先師は敗戦のとき「敗戦の神風が吹いた。無条件降伏の神風が吹いた」とからからと笑われたのである。人間が自分で神風を吹かそうなどと、神風特攻隊を組織したことを笑われたのである。神風は神が吹かせる。人間が吹かせるものではない。敗戦も他力なら、我が国の復興・再建設も他力である。先師はただこの他力に随順して行かれただけである。これを凡夫という。戦前戦中戦後を通じて、ただ先師は凡夫の自覚に徹していかれたばかりである。

二文共 毎田周一師「先師と大東亜戦争」(抜粋)『毎田周一全集』7巻395頁〜


本堂34名・Zoom最多19名の参詣
ひときわ暑い中をようこそお参りくださいました
暁烏敏師➡和田稠師宛 出征時に送った葉書 ※鈴木君代師所蔵
「いよいよ御苦労の由、尊い御用をつとめてお丈夫でお帰りのよう、祈念しています」(表記を改めた)
前席50分・後席60分・質疑応答40分の長丁場となりました

(日本国の)独立ということは、自分が独立せにゃ国の独立ということはない。宗教ということは、自分が独立するということです。何物にも頼らないということが弥陀の本願に随順するということです。それができておるか。アメリカに頼ったり、ソ連に頼っておるから、もがもがしておる。そういうことじゃない。

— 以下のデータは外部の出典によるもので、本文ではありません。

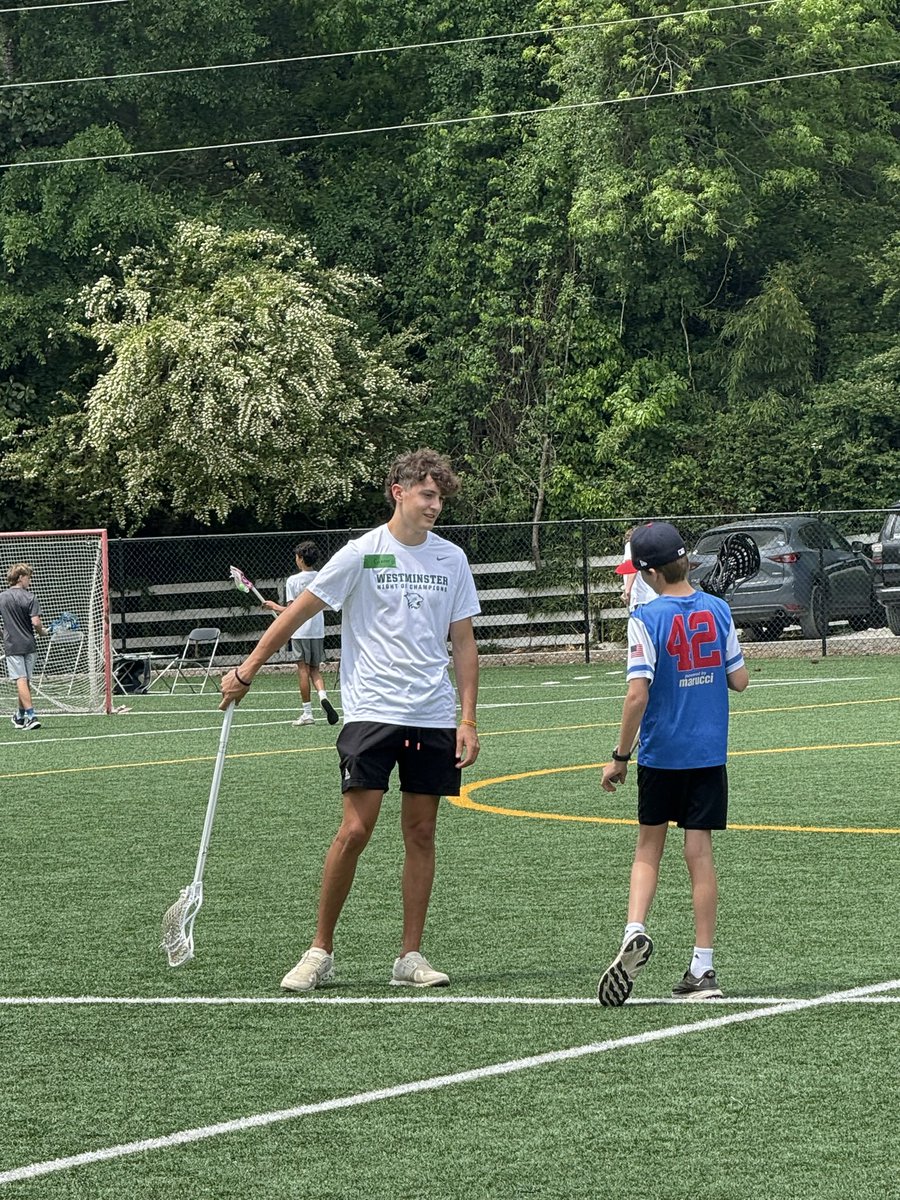 Westminster Varsity Boys and Girls Lax teams took the LaCROSSe Out cancer Challenge.  They hosted an intro to lax clinic for lower &amp; middle school students and raised over $2600 for pediatric cancer research in honor of their 2024 classmate, Audrey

暁烏敏師「念仏と国家」/昭和28年8月21日夏期講習会第七日
『暁烏敏全集』20巻521頁~


占領統治が終り、独立を果たし再軍備が叫ばれている頃の言説です。ここで暁烏先生が言われる「独立」とは、他国依存からの脱却でしょう。因みに清沢満之先生の「独立者」とは、自我分別、自力の心からの独立を意味します。

法話の結びに映画監督伊丹万作氏の言葉を紹介しました。( 『新装版伊丹万作全集1』「戦争責任者の問題」/昭和21年8月) 
国民自身の戦争責任が不明瞭なまま、A級戦犯に罪を負わせたありかたへの批判は、実に鋭く刺さります。現代においても、決して色あせない視点です。
宗派においても、戦争責任は暁烏師をはじめとする一部の僧侶に、差別問題は訓覇師に負わせる傾向を感じます。自分が抜け落ちている限り、同調圧力に弱い危うさにも気づけないままです。伊丹氏の指摘は、私たち一人ひとりに深く問いかけてきます。南無阿弥陀仏

責任を軍や警察や官僚にのみ負担させて、彼らの跳梁を許した自分たちの罪を真剣に反省しなかったならば、日本の国民というものは永遠に救われるときはないであろう。
「だまされていた」という便利な一語の持つ便利な効果におぼれて、一切の責任から解放された気でいる多くの人々の安易きわまる態度を見るとき、私は日本国民の将来に対して暗澹たる不安を感ぜざるを得ない。「だまされていた」と言って、平気でいられる国民なら、おそらく今後も何度でもだまされるだろう。 いや現在でもすでに別のうそによってだまされ始めているにちがいないのである。